U.S. stocks edged back from their records Thursday after reports showed the fact that inflation was a little warmer last month than expected and a larger number of workers filed for unemployment benefits last week.

As a result, the Dow skipped by 57 to 42,454 led by declines in that awful BA and HD while the S&P dropped by 12 to 5780 hurt by declines in AAPL, META, MSTR and AMD. The Nasdaq slipped by 10 to 18,282 as NVDA has continued to drive back to its all-time highs while that awful Russell 2000 Index fell back again by 12 down to 2188.

Meanwhile, the VIX rose a slight bit to 20.93 with some negative participants in this market willing to buy calls as high as 136 on what would appear to be a disaster scenario.
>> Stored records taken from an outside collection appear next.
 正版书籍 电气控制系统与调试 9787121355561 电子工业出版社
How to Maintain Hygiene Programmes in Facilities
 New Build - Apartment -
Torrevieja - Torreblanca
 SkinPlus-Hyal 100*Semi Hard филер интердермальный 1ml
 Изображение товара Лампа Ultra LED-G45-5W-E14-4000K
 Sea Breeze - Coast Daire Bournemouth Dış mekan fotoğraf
And let it be remembered that at the once in a lifetime October 19, 1987, when the market plunged by 22%, the VIX got as high as 150 and that was before trading will now cease for the day after a 12% decline.
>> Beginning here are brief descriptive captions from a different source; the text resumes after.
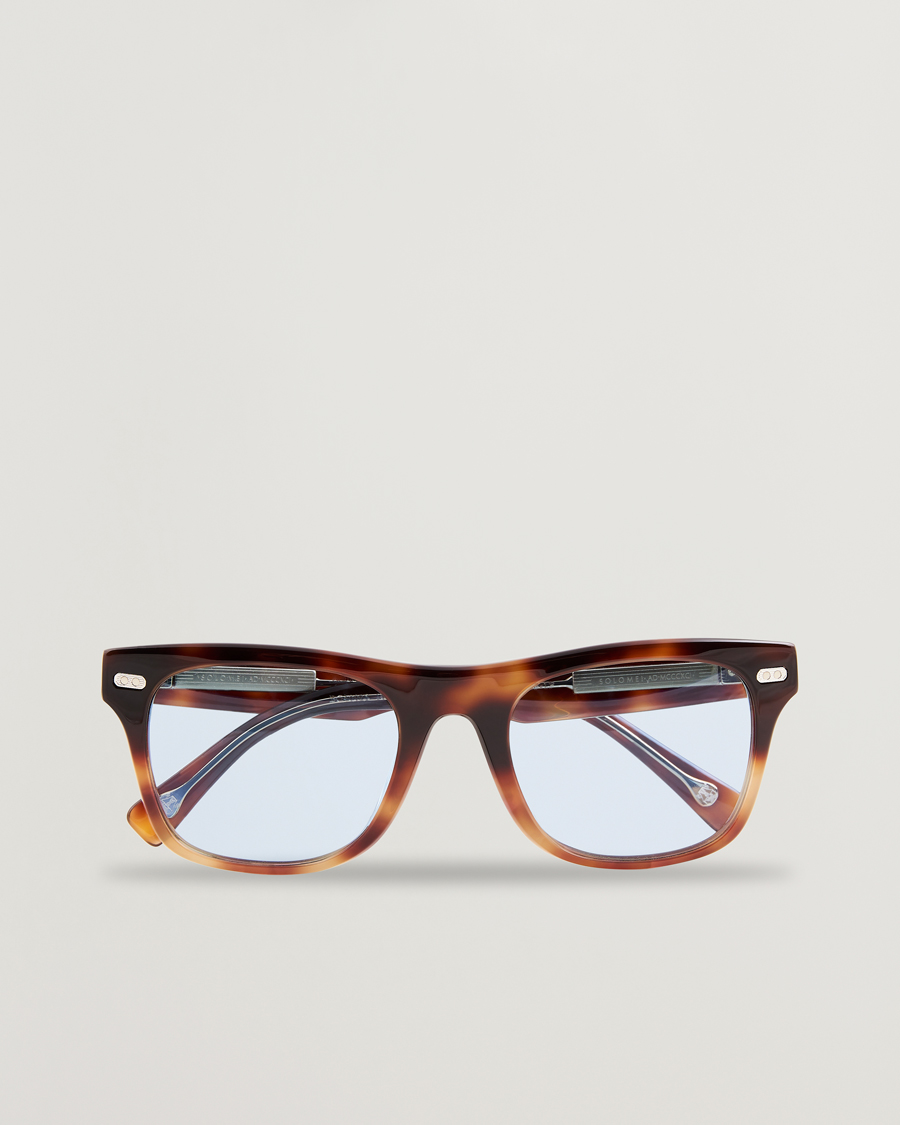 Uomini | Occhiali da sole | Brunello Cucinelli | Mr.Brunello Sunglasses Havana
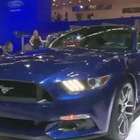 Ford mostra Mustang de 435 cv que deve vir para o Brasil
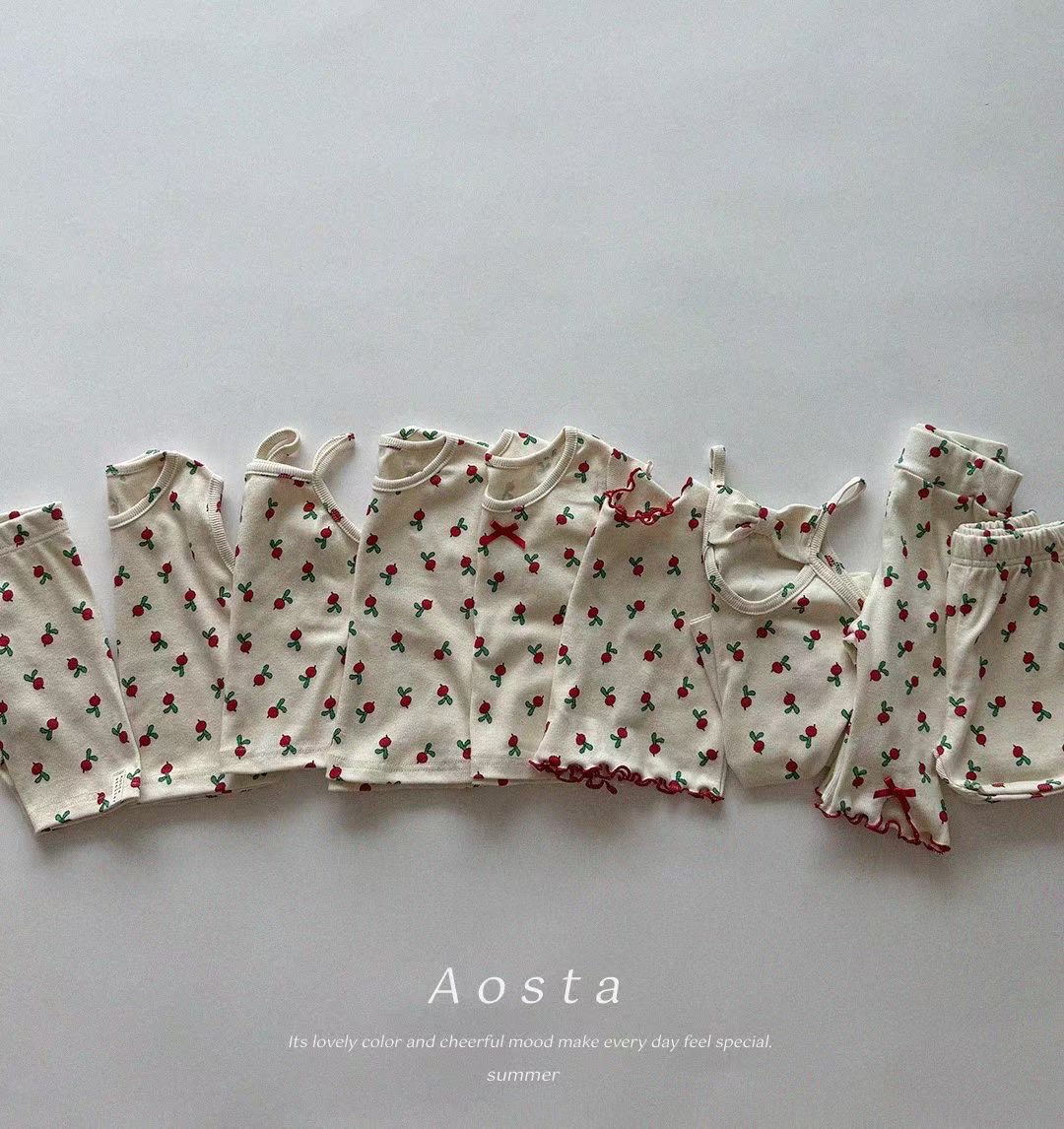 🇰🇷Aosta 背心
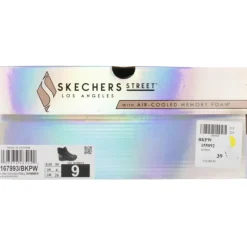 Skechers Støvler*Robuste Vinterstøvler Sort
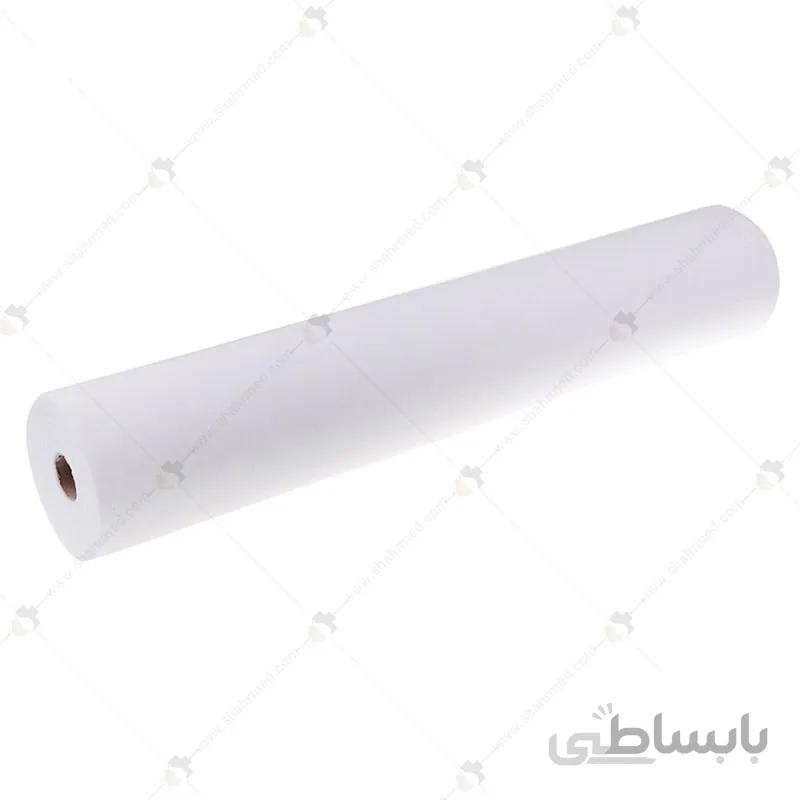 رول ملحفه یکبارمصرف عرض 80 سانتی متر Disposable Linen Roll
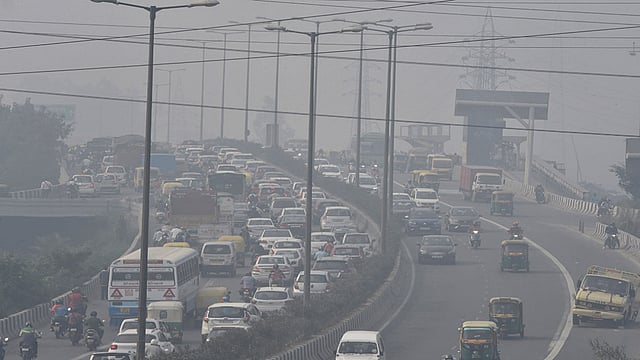 NCR State Officials Meet Ahead Of Supreme Court Hearing About Air Pollution
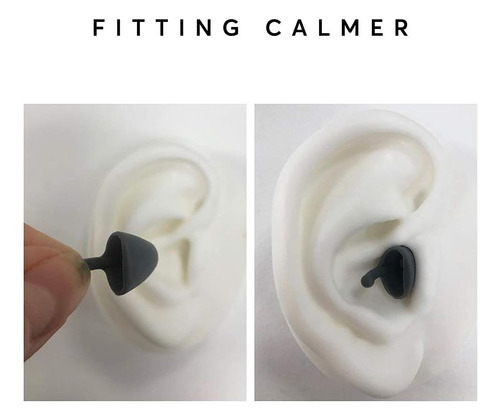 Flare Calmer Mini Protetor Auricular - Importado Original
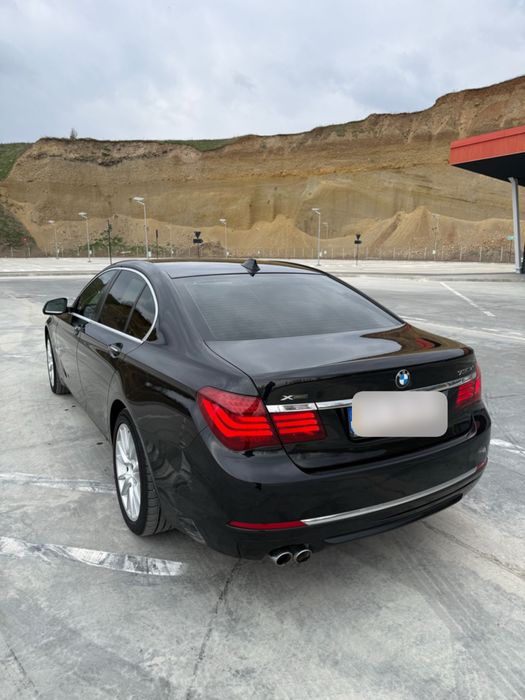 Bmw 730 Individual Xdrive Bang Olufsen Laser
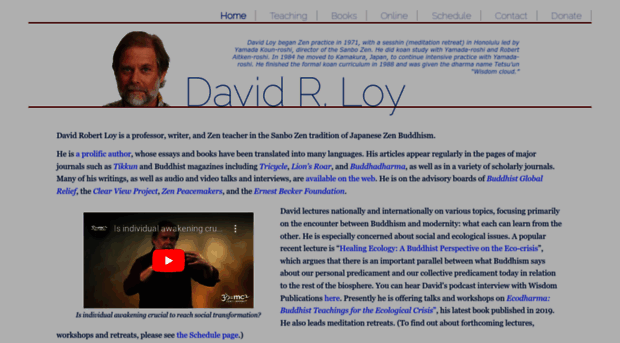 davidloy.org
Stocks had stormed to records in large part on excitement about easing interest rates, now that the Federal Reserve is lowering them as it widens its focus to include keeping the economy moving ahead instead of just fighting higher inflation.

Lower rates ease the brakes off the economy and help prices for investments, but the pace of further cuts will depend on if inflation continues to head down toward the Fed’s 2% target as it expects.
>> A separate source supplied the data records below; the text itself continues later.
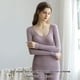 thumbnail image 5 of 1 Conjunto de ropa interior térmica adelgazante delgada cuerpo adelgazante hermoso algodón ropa de otoño conjunto de pantalones de otoño, 5 of 5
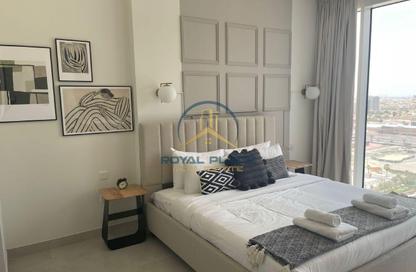 Apartment - 1 - 2 for rent in 1 Residences - 2 - 1 Residences - Al Kifaf - Bur Dubai - Dubai
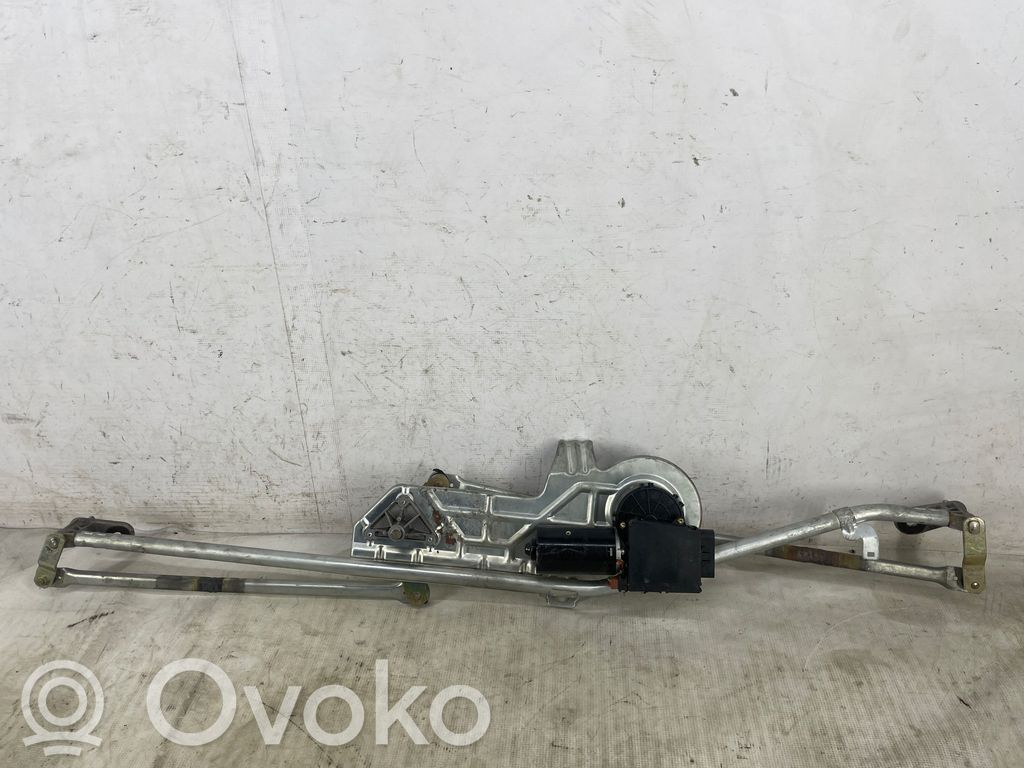 Volkswagen Sharan Wischergestänge Wischermotor vorne 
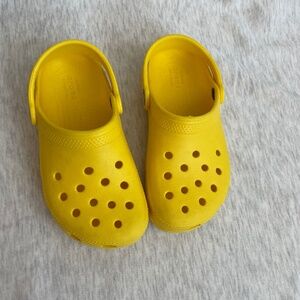 Kids Crocs Clogs Size 12
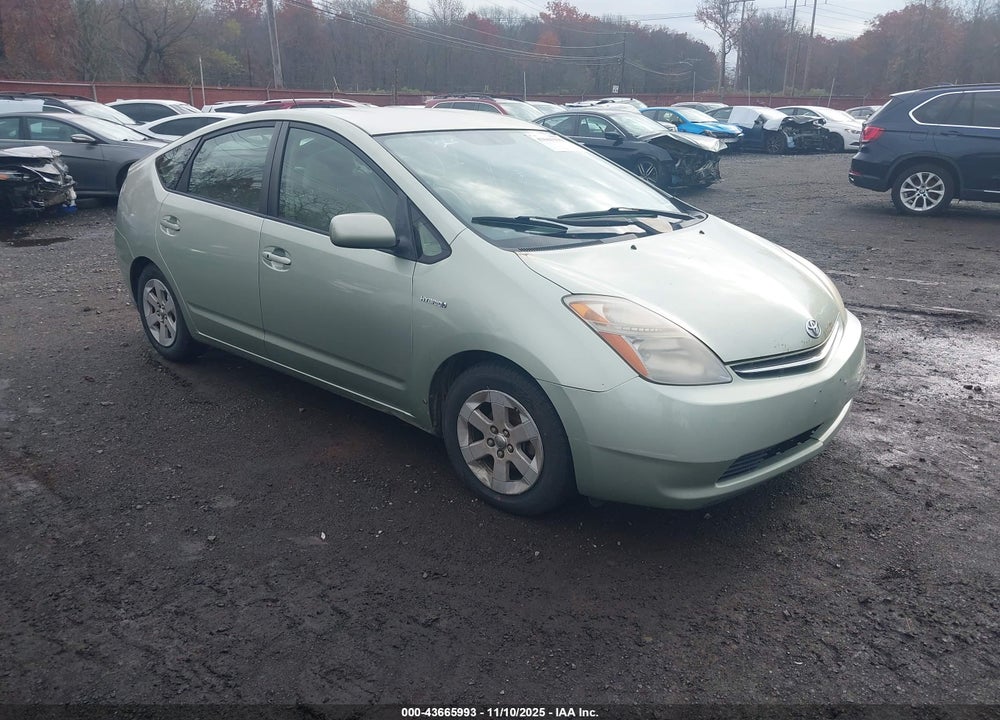 2007 TOYOTA PRIUS VIN: JTDKB20U877620016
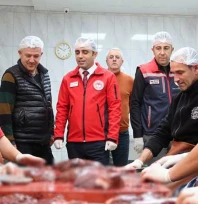 Güvenilir Gıda İçin Denetimler Sıklaştırıldı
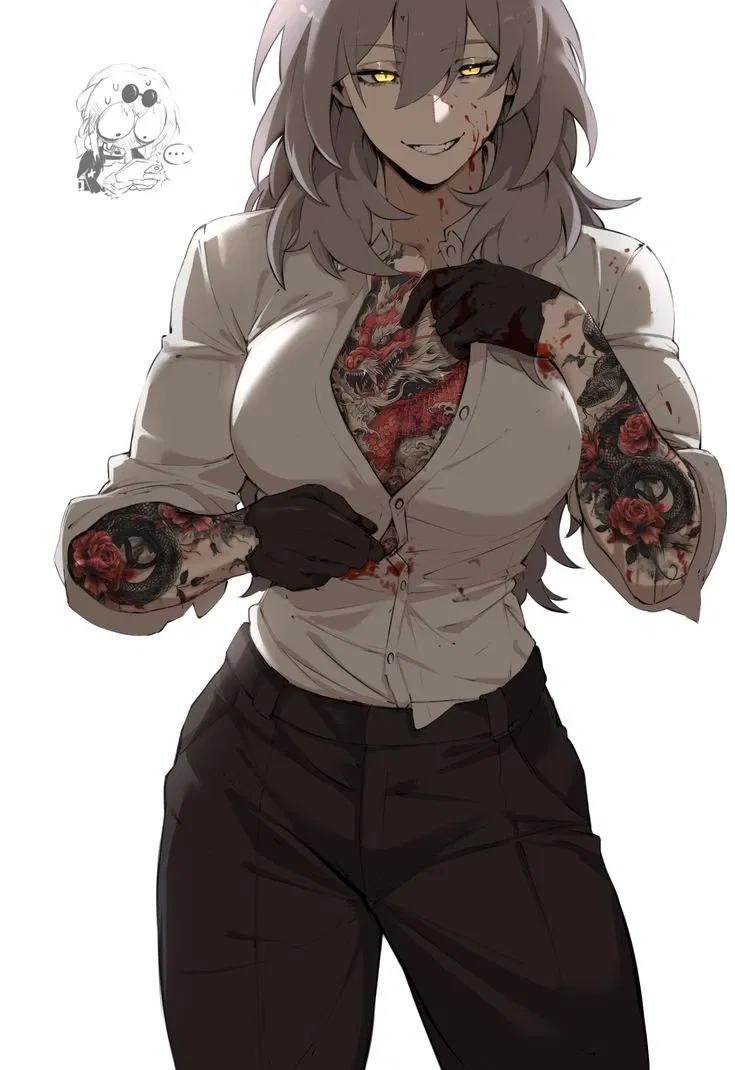 Avatar of Seraphine | Your Mafia Affiliated Lover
Thursday’s report showed inflation slowed to 2.4% in September from 2.5% in August, according to the consumer price index, but economists were expecting an even sharper slowdown to 2.3%. And after ignoring the swings for food, gasoline and other energy prices, underlying trends that economists say can be a better predictor for where inflation is heading were a touch hotter than expected.

At the same time, a separate report showed 258,000 U.S. workers filed for unemployment benefits last week. That number is relatively low compared with history, but it was a sharper acceleration than economists expected. Hurricane Helene and the strike by workers at BA may have helped make the number look worse.

In the bond market, Treasury yields rose immediately after the release of the economic data, only to then swing up and down as traders tried to handicap what it would all mean for the Fed.

The yield on the 10-year Treasury held at 4.07%, the level it was at late Wednesday. The two-year Treasury yield, which more closely tracks expectations for the Fed, fell to 3.96% from 4.02% late Wednesday.

Traders are still mostly convinced the Fed will cut its main interest rate by the traditional size of a quarter of a percentage point at its next meeting, according to data from CME Group. But some are holding onto bets that it could leave the federal funds rate alone in November. This is after many traders earlier this month were calling for a larger-than-usual cut of half a percentage point, before some stronger than expected data on the economy wiped out such calls.

TD bank fell after it agreed to pay $3.09 billion as part of a resolution of U.S. investigations into its compliance programs related to money laundering. The company also agreed to a cap on how big two U.S. banking subsidiaries can grow.

DAL lost 1% after reporting weaker results than analysts expected. The company said bookings for holiday travel are strong, but it’s anticipating a drop in flying around the election.

Oil prices, meanwhile, rose to claw back their sharp giveback from earlier in the week. A barrel of Brent crude added 3.7% to settle at $79.40. A barrel of benchmark U.S. crude gained 3.6% to $75.85.

That helped drive stocks in the energy industry higher, which kept the losses for U.S. stock indexes in check. XOM and Dow component CVX did well.

In stock markets abroad, Hong Kong’s Hang Seng jumped 3% for its latest sharp swing.

After rising on hopes for stimulus to prop up the world’s second-largest economy, Chinese stocks slumped earlier this week on disappointment that there isn’t more on the way.

The third-quarter earnings season begins this week with the following: yesterday  – DAL lower; today - BLK, JPM, WFC higher.  

Economic reports will have: yesterday – September C.P.I. rose by 0.2%, weekly jobless claims gained 258K; today – September P.P.I. came in unchanged while the core rate excluding food and energy gained 0.2%,  U. of Michigan mid-October Consumer Sentiment Survey.